What Does It Take to Create a Good Design Team?

A great design team is only as good as the staff within it. The team itself includes the personnel, all of their assigned roles within the team, personal objectives, their methodologies and software (like the new Altium designer 18 package), and the framework they use. When any of the above component parts of a team are missing or misaligned, things tend to go wrong or are placed at opposing sides which leads to difficulties completing tasks on time, if at all.

Multiple Roles or Single Roles

Depending on the person and the size of the team, it may be necessary for team members to perform multiple roles on a project. When mixing too many roles for a single employee, this can create difficulties as it’s both difficult for them to embrace collaborators for each of their distinctive roles, but more so when two or more of their roles conflict with each other with no one to act as a referee.

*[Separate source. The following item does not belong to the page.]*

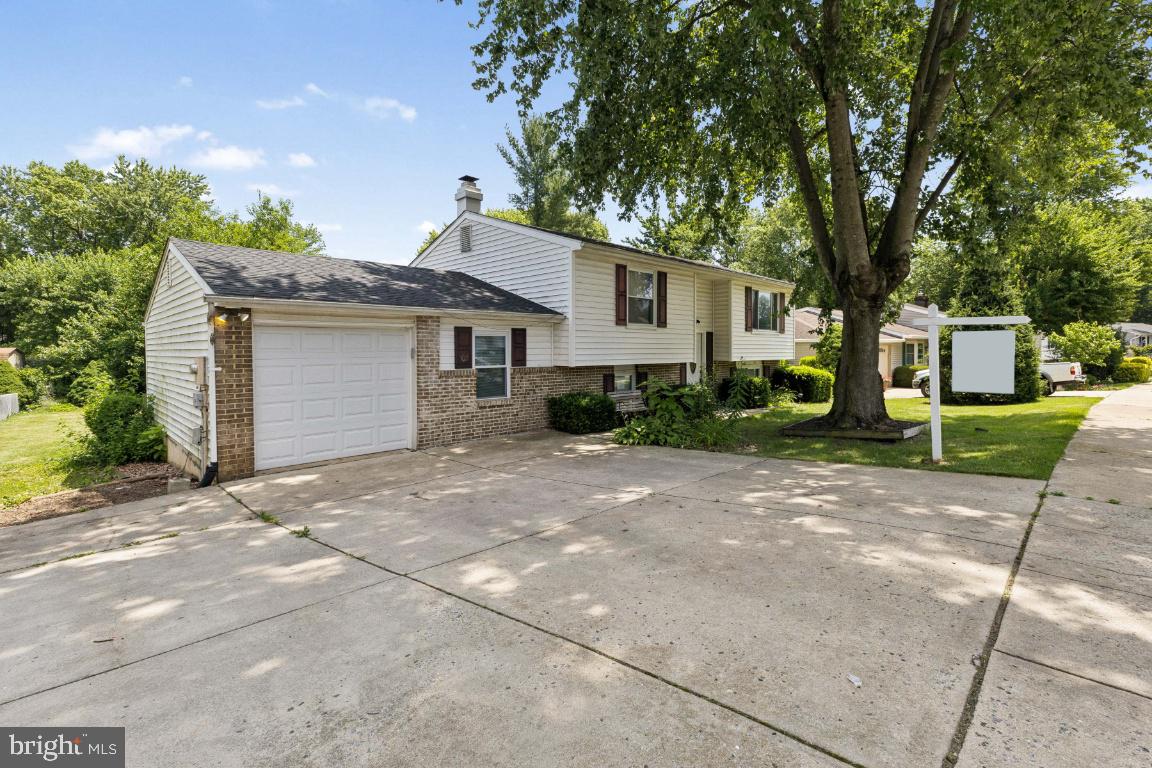 GLADE TOWN - Residential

Some roles also don’t mix well with others. The person funding the project shouldn’t usually also be a designer on the project because their motivations may get muddled. Is it more important to create a better designed circuit board or website, or to keep to the development costs within the budget set by upper management? Where is the line drawn?

Every Team Member Has Professional Advancement

With advancement, we don’t necessarily mean a promotion. It’s important beyond position and money that an employee feels invested in the project and its outcome. It’s also useful when they feel that the project adds something new to their cache in the industry and is something that can go on their resume as a selling point.

When a project lacks that special something that’s different to what they’ve done before, or they’re not being allowed to advance in their knowledge and involvement, they begin to feel stagnant. In some senses, it doesn’t matter if they been given access to the cutting-edge Altium designer 18 software ahead of its release or been responsible for new areas of a design project, there must be something there to spike their interest and sustain it throughout completion of the project.

Successful Teams Are Often an Eclectic Mix

When looking at any design team, you’re unlikely to see a herd that all dress alike, talk alike and look somewhat similar. Diversity across the team is a good thing in many cases as is the previous project experience they bring to the table. New blood brings fresh perspectives and ideas on how to do things differently, more efficiently, or simply better. It’s important that the team leader embraces diversity in the ranks and does not see a culture developing where people who are different get hammered down until they conform. Conformity is usually the death of the type of creativity that’s badly needed in great design execution.

Great design teams are carefully put together and managed. Every team is likely to be quite different to the next one. Embracing those differences rather than citing them as reasons why a previous failure occurred, encourages the best creatives to work in a team environment that they might otherwise find too stifling.